-- Task directions --
Begin at the line containing "Darlingtonia Dog Large" and restate it and each line after it exactly, up to and including the last line below. Leave pictures out.

-- Data to use --
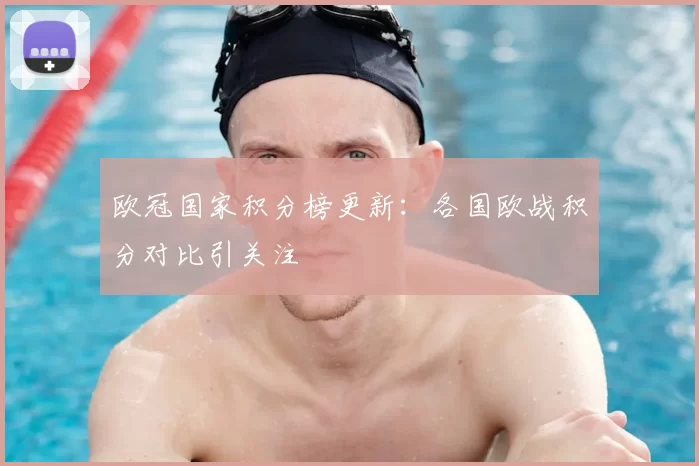 欧冠国家积分榜更新:各国欧战积分对比引关注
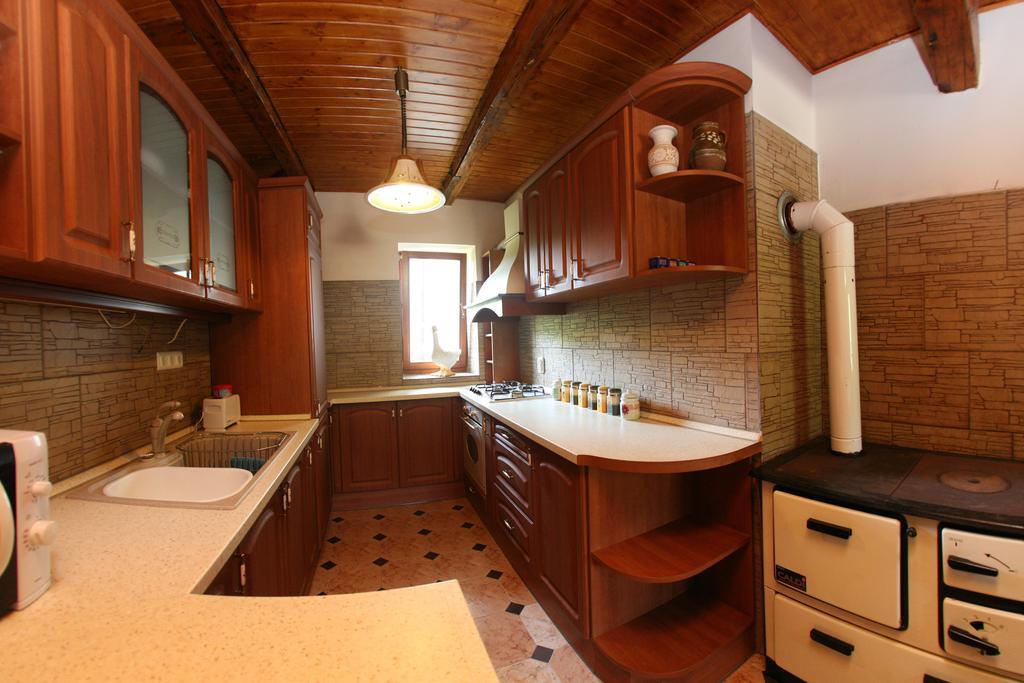 Vila Anastasia Sacarimbu Exterior foto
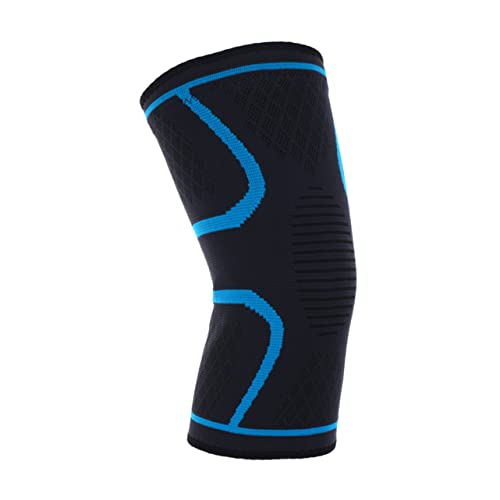 Didiseaon Joint Pads Sports Support Sleeves Knee Brace Alternative Anatomical Design Ideal for Running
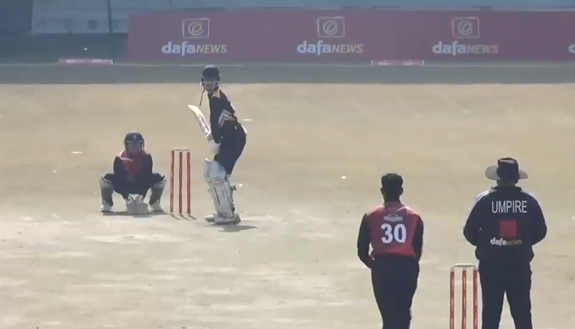 Royal Star Club clinch 5-wicket win over Jabalpur Champions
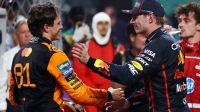 F1: McLaren e Red Bull negociam troca entre Piastri e Verstappen, diz site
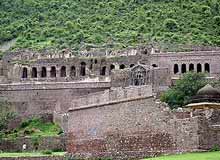 Bhangarh - Bhangarh Alwar Rajasthan India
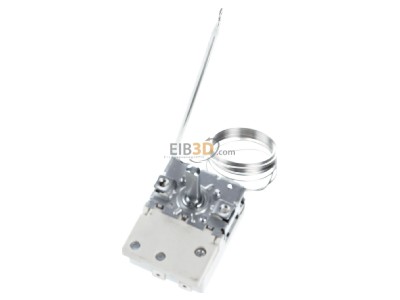 Ansicht oben hinten EGO 5518062050 Regler 50-320 Grad F3.1 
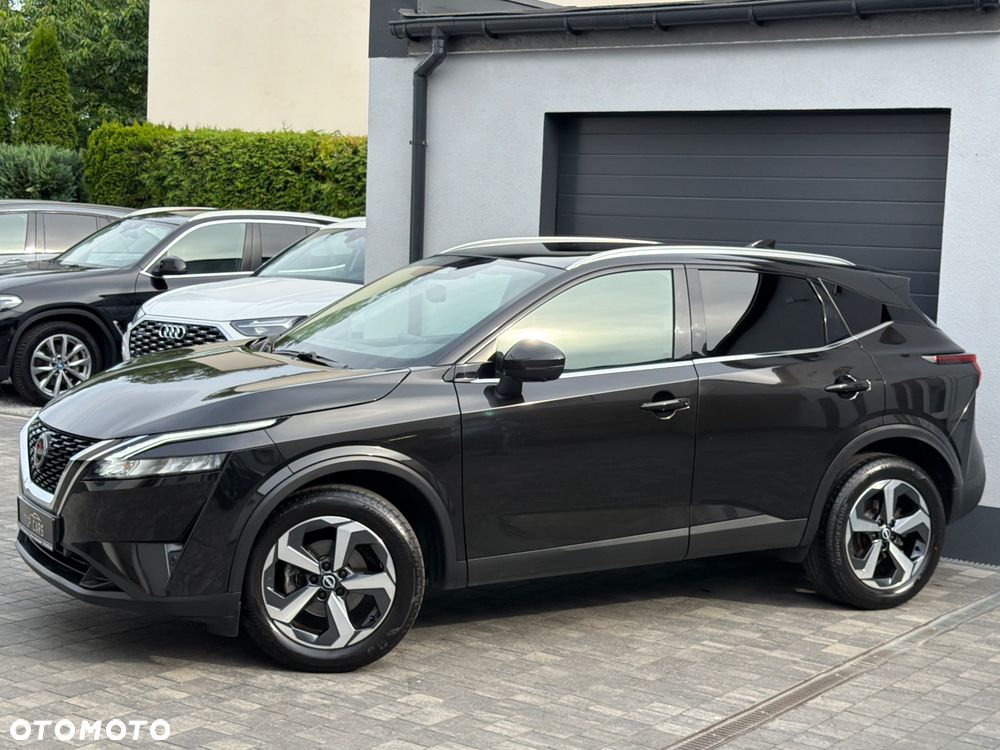 Nissan Qashqai 1.3 DIG-T MHEV N-Connecta - 12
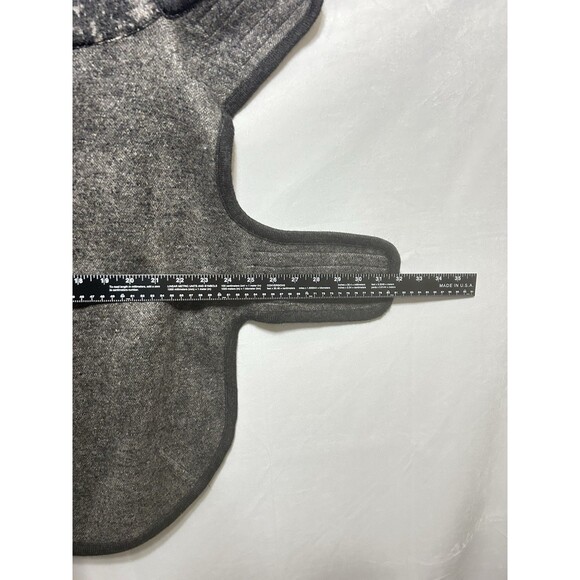 Darlingtonia Dog Large 60% Alpaca 40% Wool Winter Jacket‎ - Picture 6 of 12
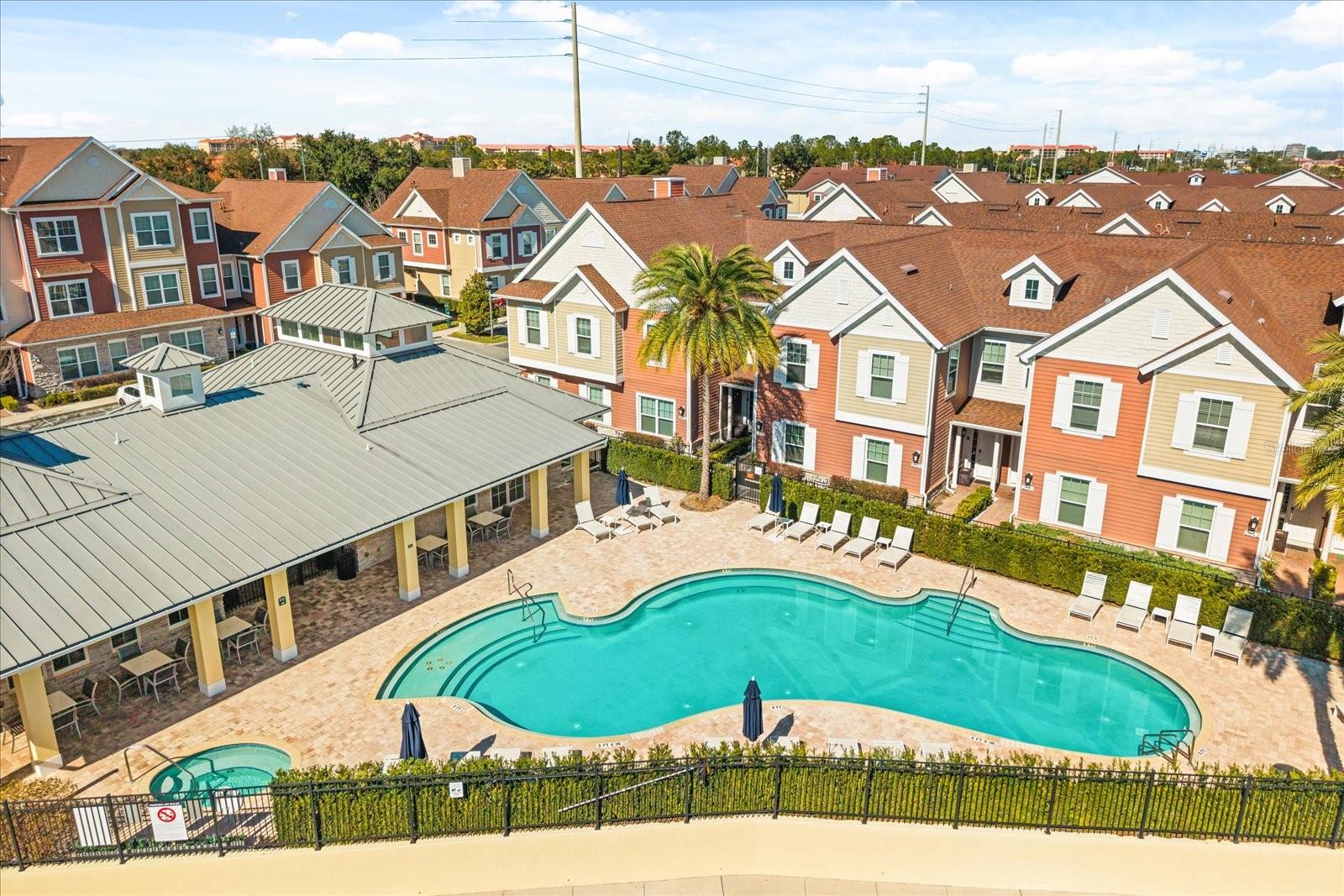 Photo of 2637 SUNRISE SHORES DRIVE KISSIMMEE FL 34747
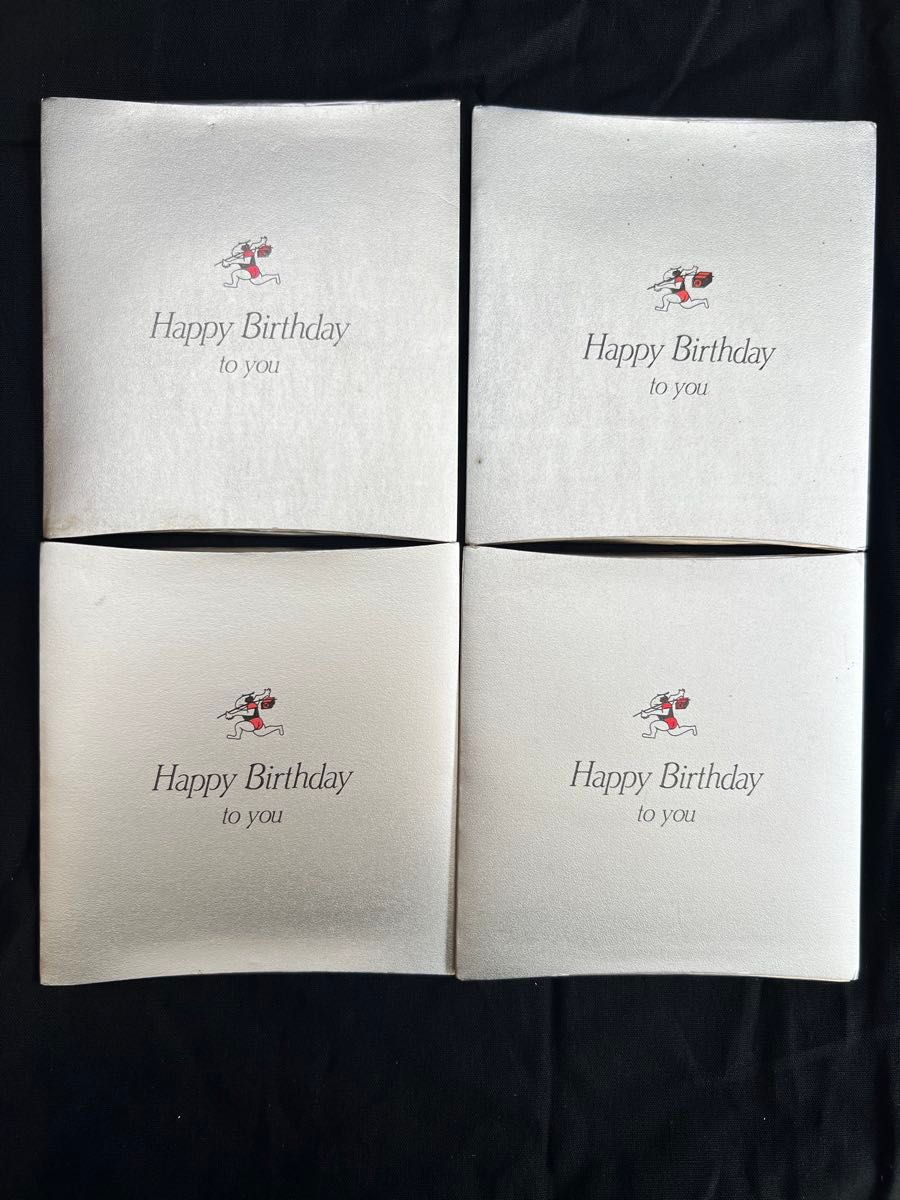 佐川急便グループ 純銀小判4枚セットケース入り (パンフレット付き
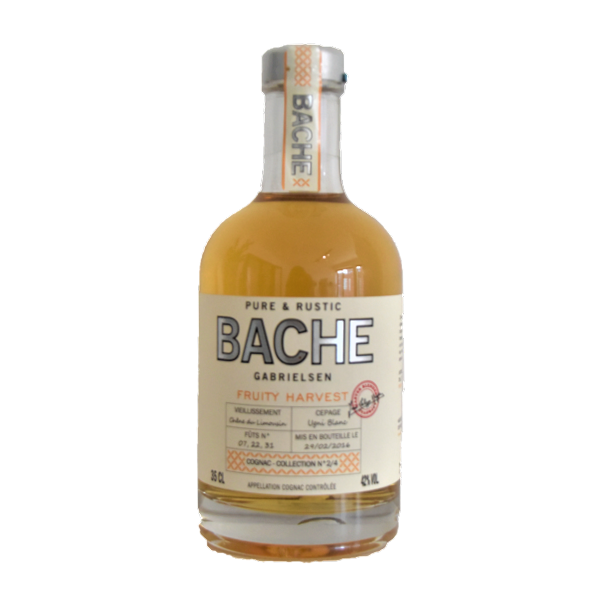 Bache-Gabrielsen Cognac Bache-Gabrielsen, Fruity Harvest, 42%, 35cl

-- Solution for this exercise --
 Darlingtonia Dog Large 60% Alpaca 40% Wool Winter Jacket‎ - Picture 6 of 12
 Photo of 2637 SUNRISE SHORES DRIVE KISSIMMEE FL 34747
 佐川急便グループ 純銀小判4枚セットケース入り (パンフレット付き
 Bache-Gabrielsen Cognac Bache-Gabrielsen, Fruity Harvest, 42%, 35cl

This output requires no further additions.